Problem to solve> Reproduce, word for word, all of the records; the pictures stay out.

Records excerpted from a collection:

::::::

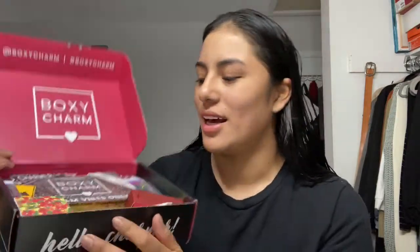This is what the box looks like. This month's theme is glam vibes only — like street vibes, you know. And we have one, two, three, four, five. We have five products, which is great. All right, let's get to it.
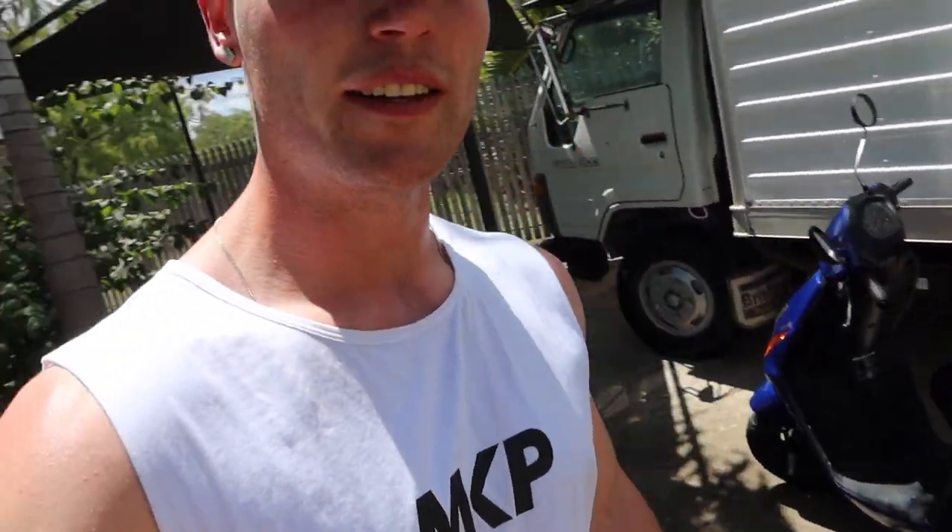Not only did we get a skateboard, but we got a damn nice scooter — a damn nice one. When I picked this up, you wouldn't know it's 2008, you'd think it's 2018. It's absolutely beautiful. As I was driving off, I know how to use this like the back of my hand — it's the exact scooter I used in Thailand.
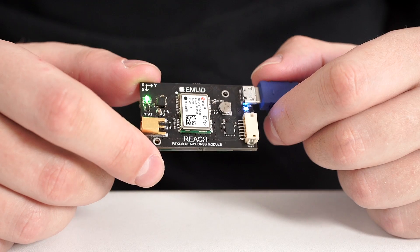High-precision RTK systems are widely used by surveyors, but unlike existing solutions that cost thousands of dollars, REACH makes RTK GPS affordable to hobbyists and makers.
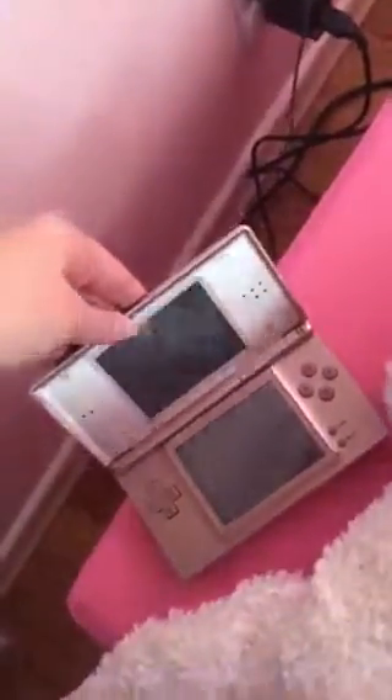I also have my DS, which is charging right now. It's actually at full battery, but I just want to keep it on the charger just to make sure.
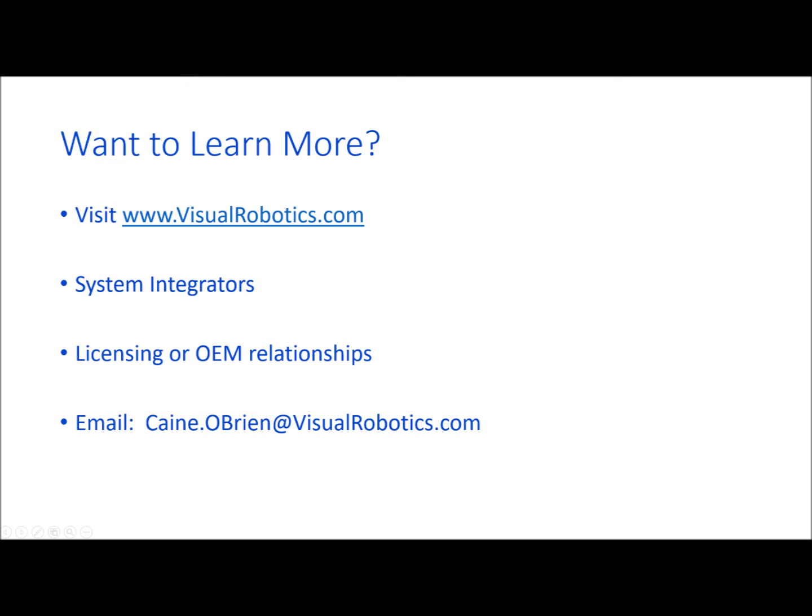If you'd like to learn more, be sure to visit our website at visualrobotics.com. We'd also love to hear from system integrators that would like to bring world-class vision systems into their solutions for their customers. Likewise, other companies in the space that might be interested in licensing or OEM-ing our products are welcome to get in touch. Send me an email or give us a call.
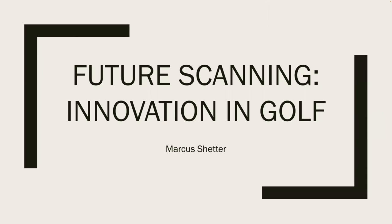Hello, everyone. My name is Marcus Shetter, and today I will be going over my future scanning project for Entrepreneurship 301.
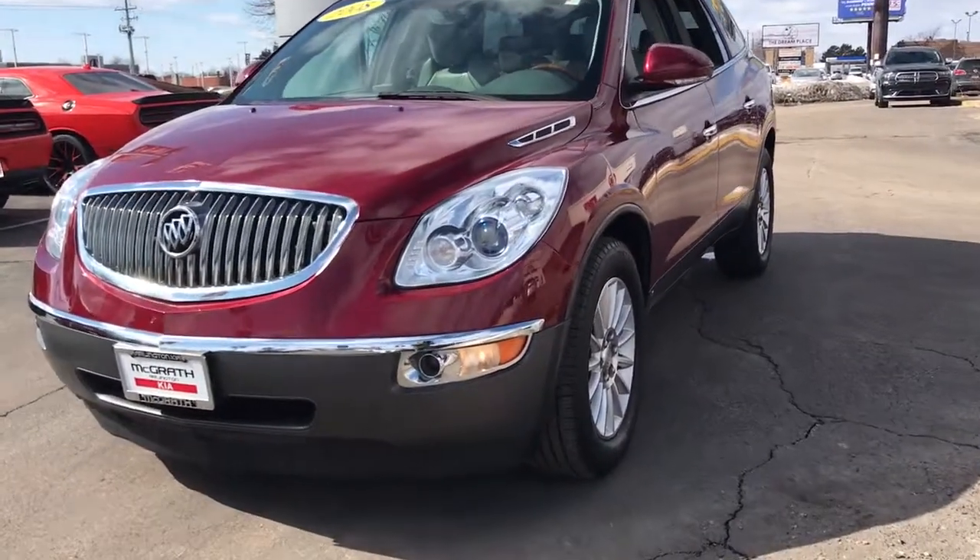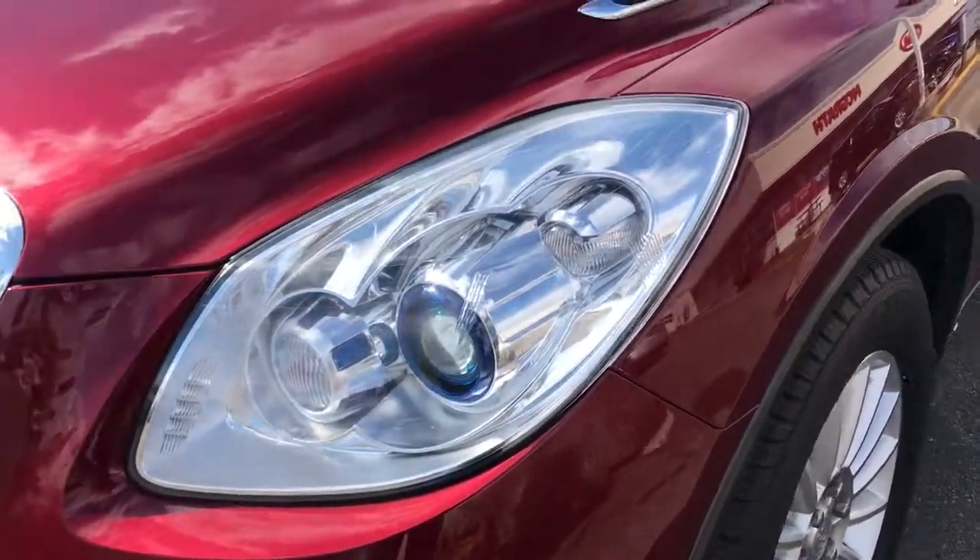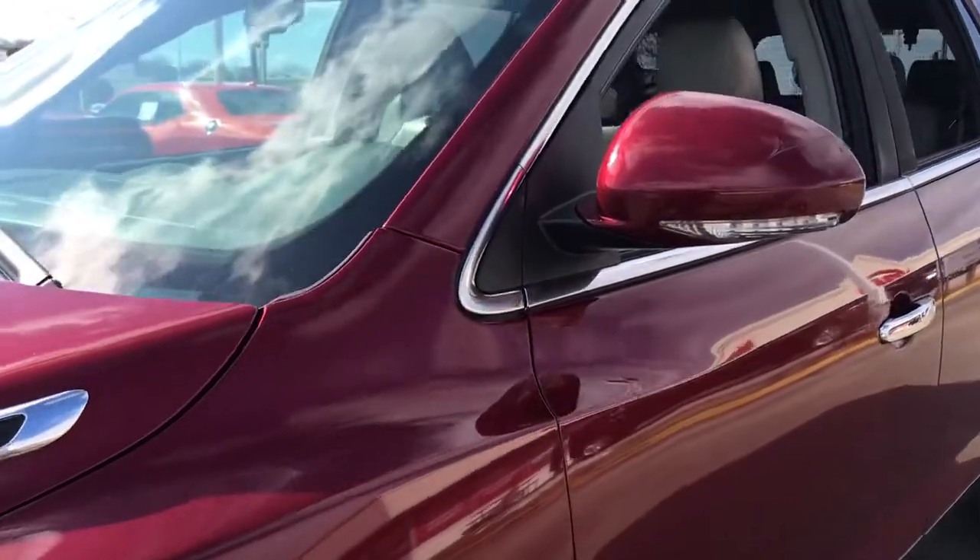The midsize Enclave delivers safety, luxury, responsive performance, and the latest in creature comforts, all with the can-do attitude of an SUV.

::::::

Your solution>
This is what the box looks like. This month's theme is glam vibes only — like street vibes, you know. And we have one, two, three, four, five. We have five products, which is great. All right, let's get to it.
Not only did we get a skateboard, but we got a damn nice scooter — a damn nice one. When I picked this up, you wouldn't know it's 2008, you'd think it's 2018. It's absolutely beautiful. As I was driving off, I know how to use this like the back of my hand — it's the exact scooter I used in Thailand.
High-precision RTK systems are widely used by surveyors, but unlike existing solutions that cost thousands of dollars, REACH makes RTK GPS affordable to hobbyists and makers.
I also have my DS, which is charging right now. It's actually at full battery, but I just want to keep it on the charger just to make sure.
If you'd like to learn more, be sure to visit our website at visualrobotics.com. We'd also love to hear from system integrators that would like to bring world-class vision systems into their solutions for their customers. Likewise, other companies in the space that might be interested in licensing or OEM-ing our products are welcome to get in touch. Send me an email or give us a call.
Hello, everyone. My name is Marcus Shetter, and today I will be going over my future scanning project for Entrepreneurship 301.
The midsize Enclave delivers safety, luxury, responsive performance, and the latest in creature comforts, all with the can-do attitude of an SUV.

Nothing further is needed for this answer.